The jury in the trial of six men accused of falsely imprisoning the former Tánaiste Joan Burton during a water charges protest is due to begin deliberations on Monday.

Closing speeches ended this morning with defence lawyers telling the jury that the State has failed to bring a charge that could be proven.

On day 36 of the trial at Dublin Circuit Criminal Court, Judge Melanie Greally told the jury she will deliver her charge on Monday morning and they will then begin deliberations.

Before this, Ciaran O'Loughlin SC, representing Michael Banks, gave the final closing speech to the jury.

Mr Banks (46) along with Solidarity TD Paul Murphy and four other men have pleaded not guilty to falsely imprisoning Ms Burton and her adviser Karen O’Connell by restricting their personal liberty without consent at Fortunestown Road, Jobstown, Tallaght on November 15, 2014.

The prosecution has alleged that Mr Banks acted with the other defendants to falsely imprison Ms Burton and Ms O'Connell by surrounding their cars.
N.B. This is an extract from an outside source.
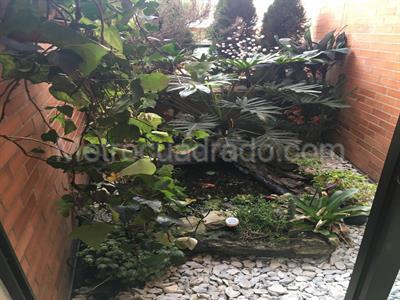 Apartamento de 3 alcobas en venta en Miracolina, Bogotá, 240 m² · foto 13 de 19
Sean Gillane SC, prosecuting, told the jury earlier this week that video footage taken from inside the car showed Mr Banks making “crude and unpleasant gestures” at the women and yelling “Up your arse”.

The trial heard that in garda interview, Mr Banks accepted blocking the Avensis car. When asked if it was able to leave he replied, “How could it when we were sitting behind it?”

The court also previously heard evidence from Garda Jonathan Ryan who said Mr Banks called him a wife beater after the guard helped a woman in the crowd who had fallen.

Mr O'Loughlin told the jury that during the trial they had “been to the movies” and watched several video clips of footage taken during the protest that day. He submitted that by watching that footage, they saw “everything that happened” that day.

Mr O'Loughlin accepted that his client had used language that was “rude and vulgar” but he told the jury that was not an offence,

“Simply to use insulting words is not a crime,” he said.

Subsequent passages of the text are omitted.